They're not exactly as supported, because they're not on by default, and they're not the thing everyone in the Mercurial culture tells you to use as the obvious solution to problems. Version control is as much about what other people do as what you do, and what other people do tends to align most closely with the defaults and what the tools encourage.

durin42 · on Jan 7, 2014

No, they're exactly as supported. What I meant by that was that we promise to not break them, ever, to keep the output formats stable, and accept bug reports for them. That doesn't necessarily mean it's something we'll always recommend (eg mq isn't something I'd recommend for a new user, rebase/histedit/amend are way better and always will be.)

We don't turn them on by default for two reasons: newbie users not shooting their foot off unexpectedly, and UI clutter. mq alone (which we actually recommend avoiding now if you don't really need it) adds a bunch of verbs to the command line interface.
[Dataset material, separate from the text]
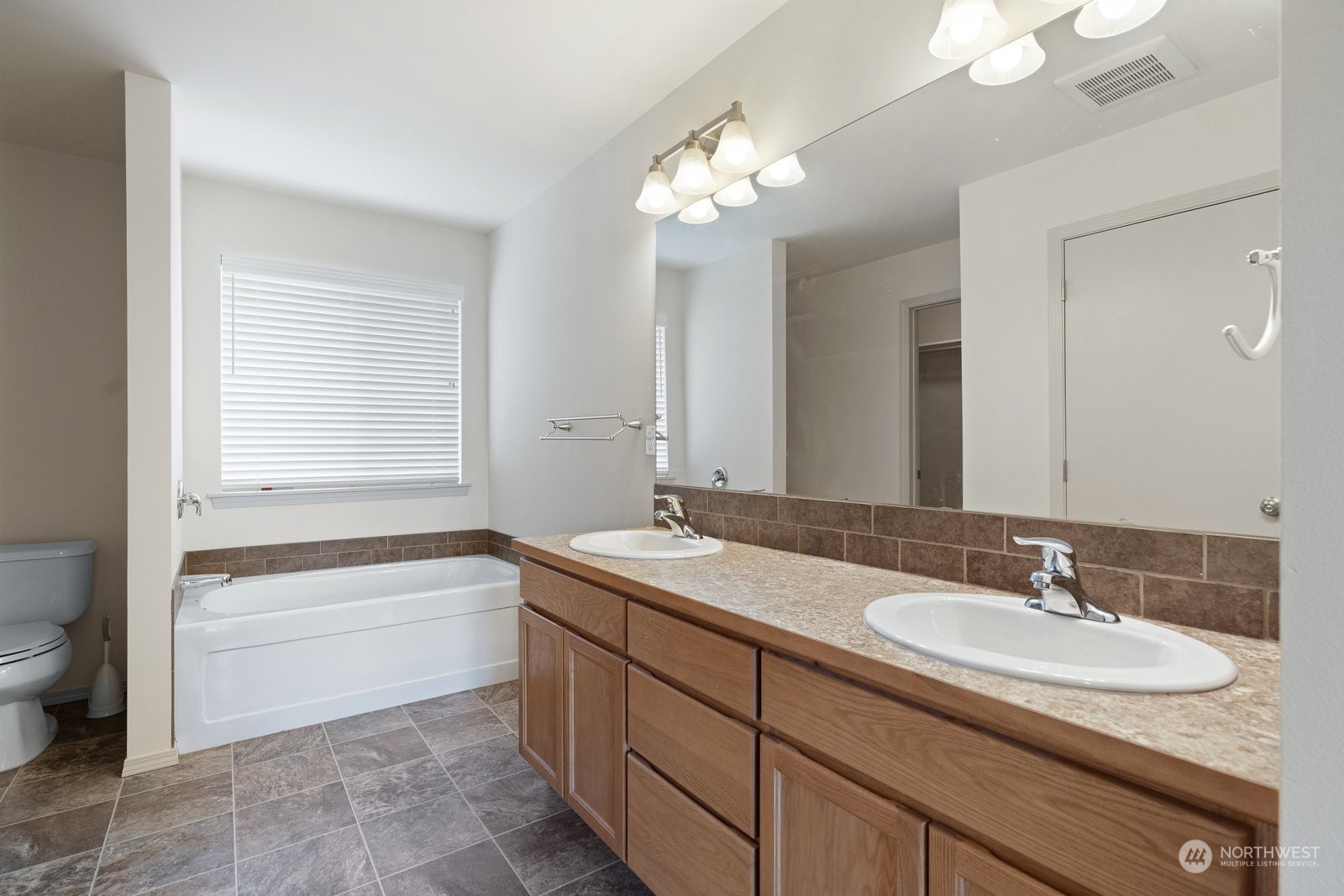 2108 West Honeysett Road Wenatchee, WA 98801 - Photo 31 of 40 Gallery Image 31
We've talked about having an 'hg hello' command or something that'd give you a proposed template hgrc that suggest you might want rebase/record/histedit/pager/color/progress, but nobody's worked out exactly what that should be like. Does something like that sound like it might be helpful?
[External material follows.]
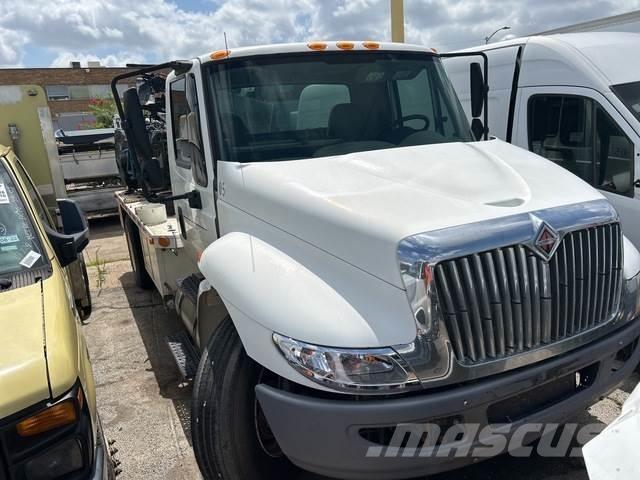 International  Piattaforme autocarrate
rbehrends · on Jan 8, 2014

I have wondered why they're called "extensions" rather than "modules", which I think would characterize their actual use better.

dgesang · on Jan 8, 2014

There are only two hard problems in computer science: cache invalidation and naming things. - Phil Karlton

mushishi · on Jan 7, 2014

Could you elaborate on why to avoid mq?

jordigh · on Jan 7, 2014

Some people like it, but my basic complaint with it is that it introduces a new concept, the "patch", that is basically a crippled commit. When a patch is not a commit, you get rejected diff hunks when it fails to apply, and it can easily forget its history.

An MQ patch is basically a commit that doesn't know how to merge and doesn't keep backups. It's way too easy to make a mistake and lose work. I consider MQ one of hg's youthful mistakes before tools like histedit, rebase, and Evolve came to exist.
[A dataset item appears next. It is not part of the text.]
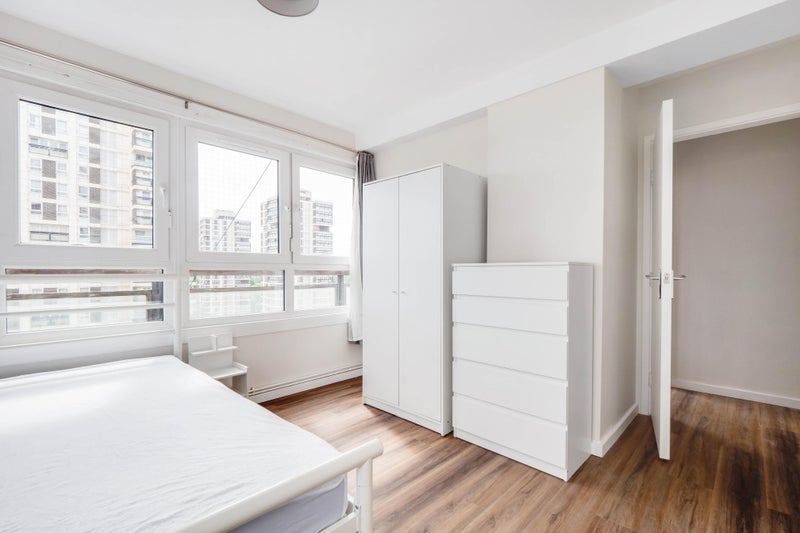 Room Sultan Street in Greater London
ahomescu1 · on Jan 8, 2014

mq keeps its patches as an internal per-repo stack. This is much weaker than git's tree branches.

Here's an example: let's say I've been working on a repo, and have 2 current mq patches called A and B pushed. There's no way for me to pop A and B, then apply another patch called D in the current repo (at least as far as I could figure out). Also, even if there were, I'd have no way of then pushing A and B on top of D. The patches only work as a linear stack (D must come on top of B).

rossjudson · on Jan 8, 2014

I do this all the time. Pop B, pop A, reorder patch queue to put D first, push D, push A, push B. Check the docs.

masklinn · on Jan 7, 2014

It's a very powerful tool, but also a complex one, and one which brings in a bunch of new commands. There are a bunch of extension which provide nice UIs to various subsets of mq's full power, and are much simpler.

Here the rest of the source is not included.